##### Provided information #####

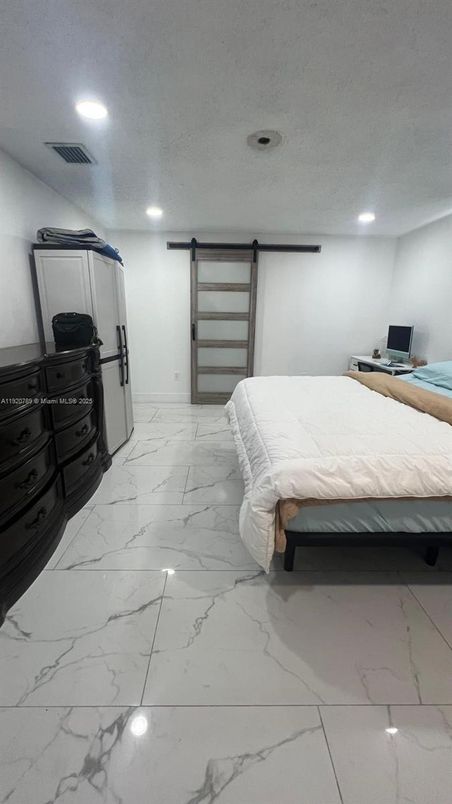 Bedroom, Interior, Marble, Recessed Lighting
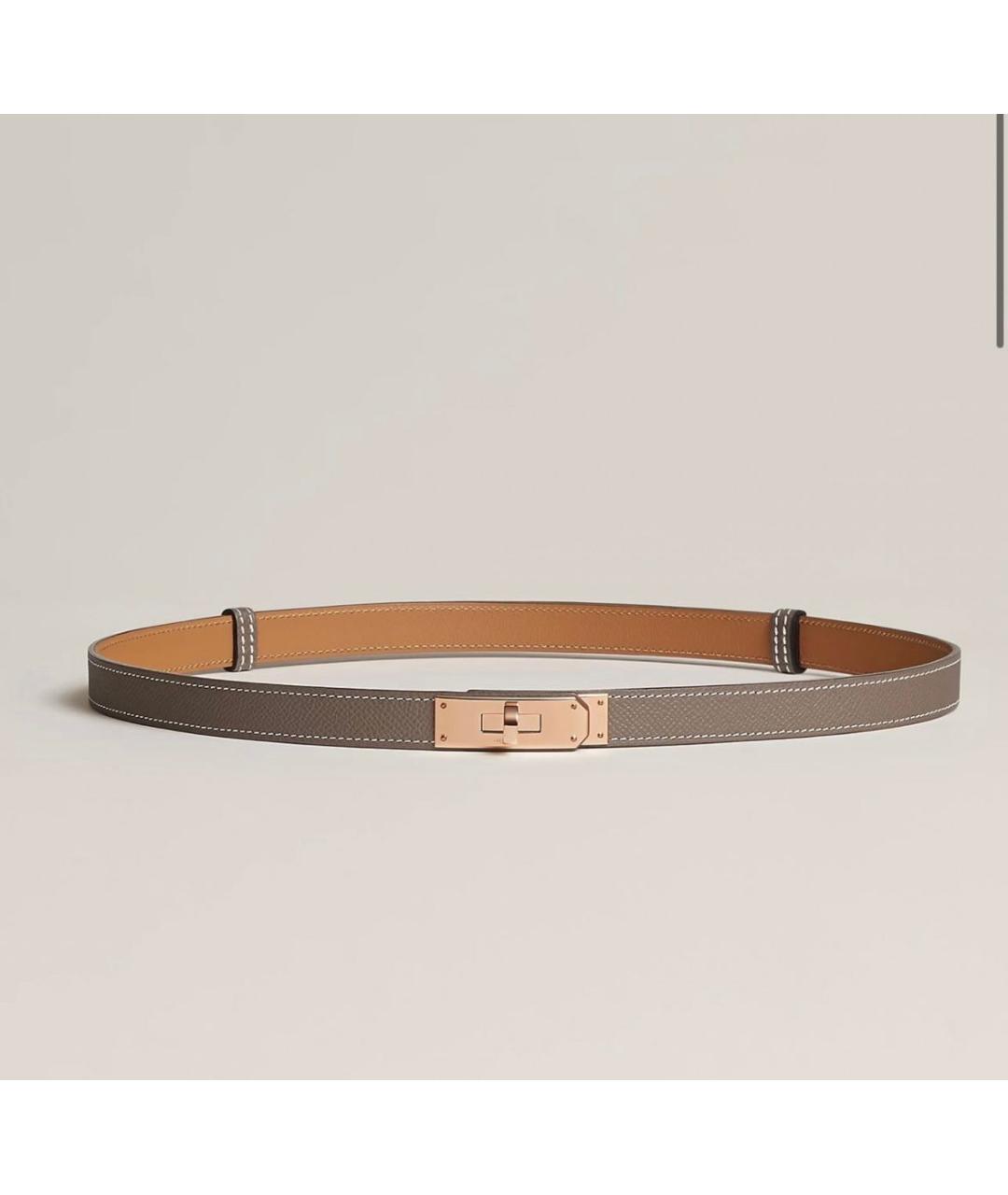 HERMES Бежевый кожаный ремень, фото 9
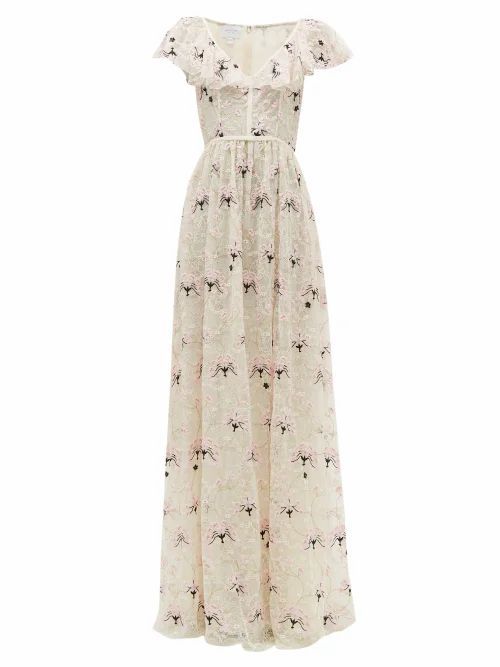 Giambattista Valli - Floral-embroidered Chantilly-lace Tulle Gown - Womens - Ivory Multi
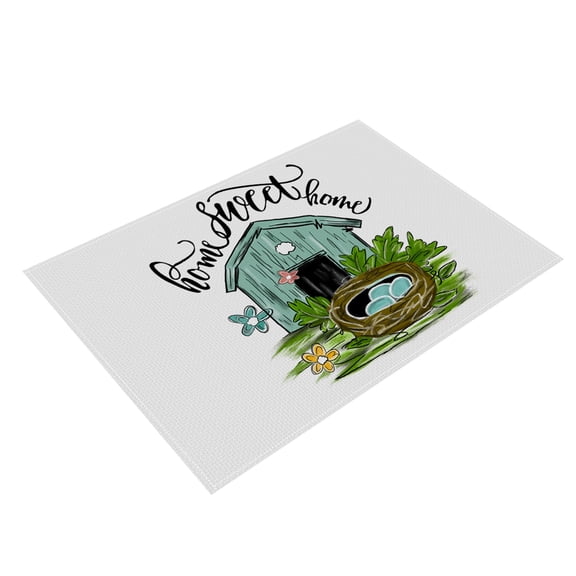 Happy Easter Peeps Placemats Truck Hip Hop Bunny Table Mats Seasonal Spring Washable Place Mats Table Decoration Seasonal Holiday Table Mats Insulation Mat Boho Decor Washable Fast Dry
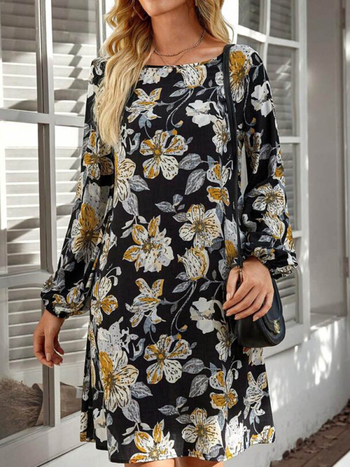 Rochie florală cu imprimeu digital, din bumbac-poliester, guler rotund și mâneci lungi, lungime midi.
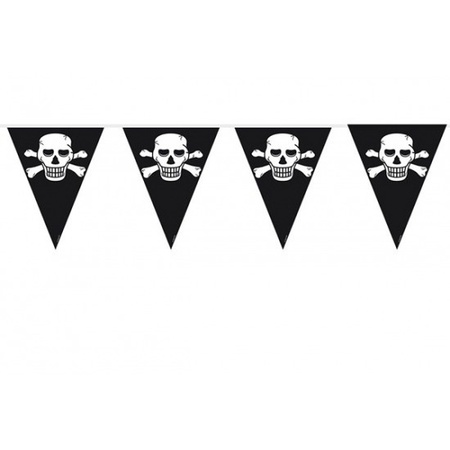 4x stuks Piraten vlaggenlijn/vlaggetjes zwart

#####

Your task —
Nothing in the entries above should change when they are printed again, except that the pictures are dropped.

Output of the task —
 Bedroom, Interior, Marble, Recessed Lighting
 HERMES Бежевый кожаный ремень, фото 9
 Giambattista Valli - Floral-embroidered Chantilly-lace Tulle Gown - Womens - Ivory Multi
 Happy Easter Peeps Placemats Truck Hip Hop Bunny Table Mats Seasonal Spring Washable Place Mats Table Decoration Seasonal Holiday Table Mats Insulation Mat Boho Decor Washable Fast Dry
 Rochie florală cu imprimeu digital, din bumbac-poliester, guler rotund și mâneci lungi, lungime midi.
 4x stuks Piraten vlaggenlijn/vlaggetjes zwart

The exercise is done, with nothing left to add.